Colette’s show at Dorsky focused on the latest wrinkle in her career, while a concurrent show at Rempire covered the entire crinkly fabric of the last 18 years. The photos at Dorsky were organized around the device of a picture within a picture. In each, one or more figurines clad in puckered Colette-garb observes an artwork of sorts. With light bulbs for heads, her subjects bear an uncanny resemblance to the mannequins Giorgio de Chirico painted. In a related tableau at Rempire called Figure Looking at Burnt-Out Figure, 1987, a small figurine with an illuminated head beholds a massive photo of its “burnt-out” double. While these pieces convey an uncomfortable feeling of pathos, Colette’s most important work moves furthest from painting and photography toward environments replete with apparel, memorabilia, performance elements, and records. The overview at Rempire testified to this prolific diversity and then didactically underscored it by pasting excerpts from various reviews and essays next to almost every work in the show.

The Eye, Streetwork I, no. 3, 1972, which photographically documents a street painting, is the oldest piece on display. It (prophetically) shows more of the young Colette—decked out in an outfit somewhere between Abba and Stevie Nicks—than of the painting itself. Colette stood out even at a moment when megalomania was the order of the day, even at a time when Guglielmo Achille Cavellini was busy plastering his self-commemorative stickers all over town. Although she has claimed that “ . . . art is magic and the making of art alchemy . . . ,” Colette’s art is strongest when it most closely approximates modalities of mass culture. It does this by way of its relationship to dandyism, or what she herself calls “reverse pop.” Just as the dandy strove to convert his physical self into a work of art, so her framed “Justine ‘I’m a Work of Art’ T-shirt Dresses” include photos of the artist standing in a crate, presumably reading some of the same lines on a painting behind a column at the rear of the gallery: “I’m a work of art; I’m fragile and fair./I’m a work of art; so handle me with care./I’m a work of art; you can look but not touch./I’m a work of art; be happy with that.”

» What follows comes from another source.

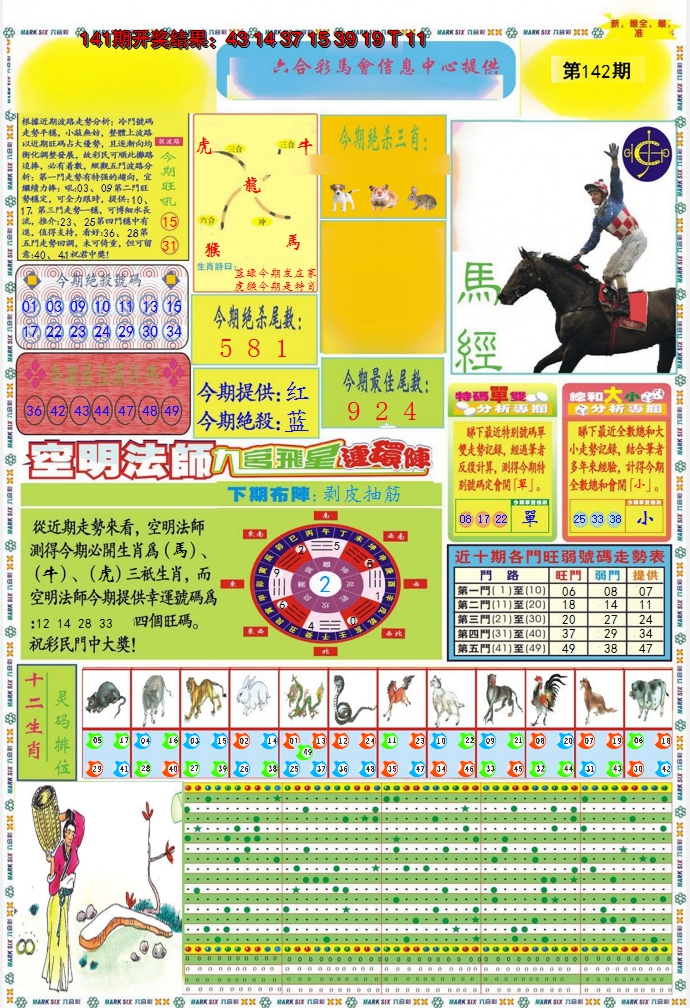 2024142期九龍马经A(推荐)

Stenciled on the T-shirts were the words “Handle with Care” and “Work of Art—Fragile.” Over the years Colette has literally pieced together her own “rags to riches” (and back again) fashion sense from musty bolts of fabric. Her habitual dress incidentally recalls the young, affluent Baudelaire sandpapering his suits to keep them from looking too new, or the older, destitute Baudelaire restricting his gestures in order to conceal the holes in his clothing. When Colette is photographed wearing stockings, they always have runs and holes. Fiorucci produced one of her outfits, The Austrian Shade Dress, 1978, in a limited edition, and her overall style prefigured the New Romantic look popularized by Vivian Westwood. Curiously enough, some of this clothing (what Jonathan Crary called “walking architecture”) was literally cut from the material from which she made her environments—intimate bedrooms that harbored the artist sleeping in her birthday suit. From these environments she has also cut her “wall fragments”— paintinglike works that retain the baroque architectonic of the original drapery.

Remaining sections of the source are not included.